Die Schnur wird vorsichtig vorgespannt und das Warten auf eine verdächtige Bewegung der Rutenspitze beginnt von neuem. Schon nach wenigen Minuten der nächste Biss. Auf ein Zucken der Rutenspitze hin setzt Carsten den nächsten Anhieb, der jedoch komplett ins Leere geht. Die Fische stehen auf dem Futterplatz und die Kollegen nebenan fangen kleine Brassen um die 800 Gramm. Carsten bekommt seine Bisse aber nicht verwandelt und beim Einholen der Montage macht er sich sein Gedanken, ob er schon was ändern soll? Er beschließt einen weiteren Versuch mit der alten Montage zu wagen und wählt dieses Mal nur 2 Maden als Köder. Dem Futter gibt er nun eine etwas höhere Dosis (ca. 40 Pinkies und Caster) Lebendköder hinzu. Carsten wirft erneut aus und bringt die Rute in Position. Wieder dauert es nicht lange bis Carsten einen Biss bekommt. Bei diesem Biss wartet er etwas länger mit dem Anhieb und der Fisch hängt.

der Anhieb
der Anhieb... 

und die perfekte Reaktion der Rute
...und die perfekte Reaktion der Rute 

Die Rute verneigt sich vor dem Fisch und schön ist zu sehen, wie die Rute bei den Fluchten bis in das 3. Teil abfedert und die Fluchten bremst. Es scheint, als ob Carsten einen schönen Brassen gehakt hat. Durch den Verlust des ersten Fisches gewarnt, drillt er den Fisch langsam und vorsichtig Richtung Kescher. Der Albright Knoten gleitet problemlos durch die Rutenringe und es sind noch 10 Meter bis zum Fisch. Die letzten Meter vor dem Kescher stellen noch einmal eine echte Gefahr dar, da viele Fische kurz vor dem Keschern ausschlitzen. Die letzte Flucht des Brassen wird von Carsten durch ein gefühlvolles Mitgehen mit der Rutespitze abgefedert und nach dieser letzten Flucht ist der Fisch reif für die Landung. Mit einem ca. 3pfündigen Brassen liegt im Kescher der bisher größte Fisch des Tages.

ein toller Winterbrassen
Carsten mit einem schönen Winterbrassen - gefangen mit der Feederrute

Carsten beködert neu und, wirft aus und schnell stellen sich die nächsten Bisse ein, doch die beiden nächste Anhiebe gehen wieder ins leere. Carsten variiert die Vorfachlänge und wählt ein etwas kürzeres Vorfach. Diese Entscheidung scheint richtig zu sein, denn gleich den ersten Biss auf dem kurzen Vorfach kann Carsten verwandeln. Der Drill gestaltet sich problemlos, der Brassen folgt Carstens Zug Richtung Kescher und wird sicher gelandet. Einige weitere Brassen von 2-3 Pfund konnte einem Caster/Maden Mix nicht widerstehen. Die nächsten Fehlbisse zeigen Carsten aber, dass das kurze Vorfach nicht des Rätsels endgültige Lösung für die Fehlbisse ist. Es gelingt ihm nur jeden zweiten bis dritten Biss zu verwerten. Die Fische beißen sehr vorsichtig und die große Entfernung tut ihr übriges. Die Kollegen welche auf 35-40 Meter fischen haben weniger Problem mit den Fehlbissen, sie fangen dafür aber auch wesentlich kleinere Fische.
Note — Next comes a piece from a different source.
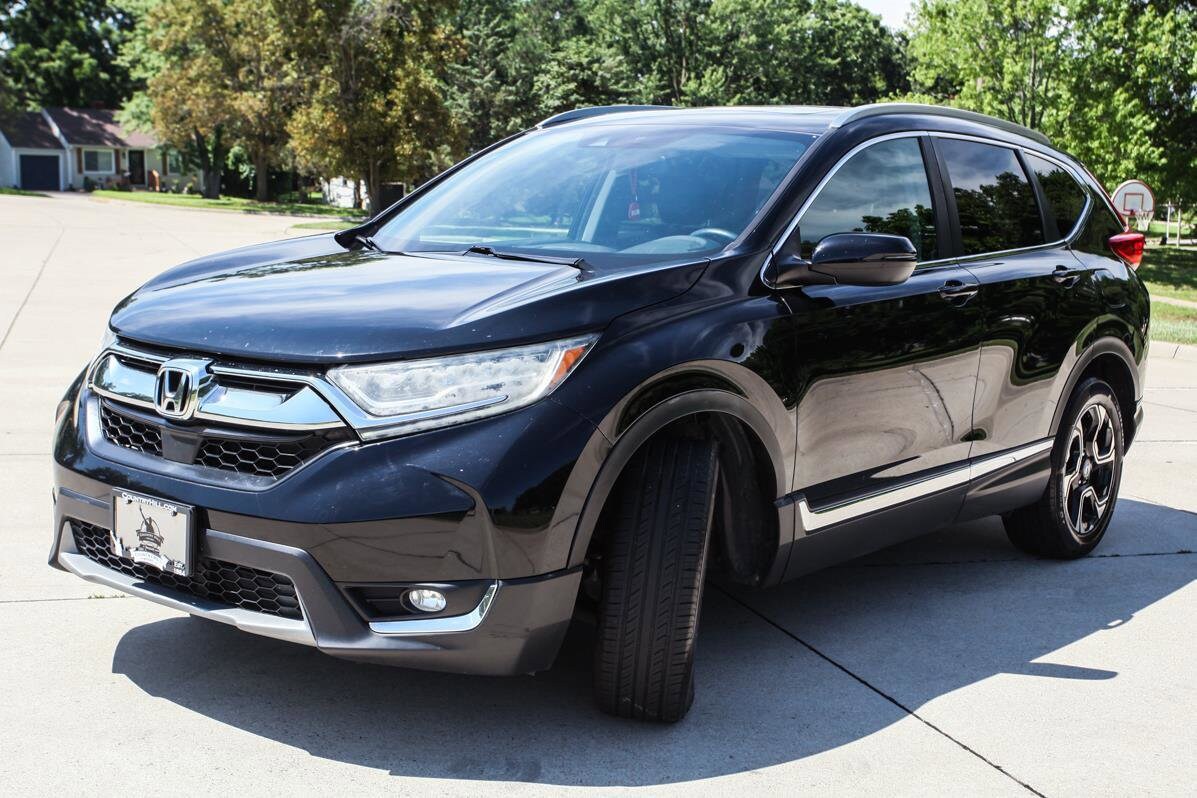2018 Honda CR-V Touring photo 2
Da Carsten mit zu vielen Fehlbissen zu kämpfen hat, stellt er seine Feedermontage nun komplett um. Die Seitenarmmontage wird durch eine sogenannte Selbshakmontage, ähnlich wie sie beim Karpfenangeln eingesetzt wird, ersetzt.

die Selbsthakmontage
Die Selbsthakmontage

Statt eines schweren Karpfenbleis nutzt Carsten das Gewicht des Futterkorbes für den Selbsthakeffekt. Die Grundmontage ist eine Durchlaufmontage und zum Haken hin sitzt entweder ein Wirbel mit vorgeschalteter Stopperperle oder ein entsprechender Stopperknoten mit Stopperperle. Dann folgt ein Wirbel durch dessen Öse die Schnur läuft und in den Karabiner wird der Futterkorb eingehängt. Zum Angler hin sitzt ein weiterer Stopperknoten mit Perle, so dass der Wirbel mit angehängten Futterkorb also nur ein Spiel von 2-4 cm hat. Nimmt ein Fisch den Köder  und schwimmt einige Zentimeter, so spürt er schnell den Widerstand des Korbes und durch die folgende Fluchtreaktion hakt sich der Fisch dann selbst.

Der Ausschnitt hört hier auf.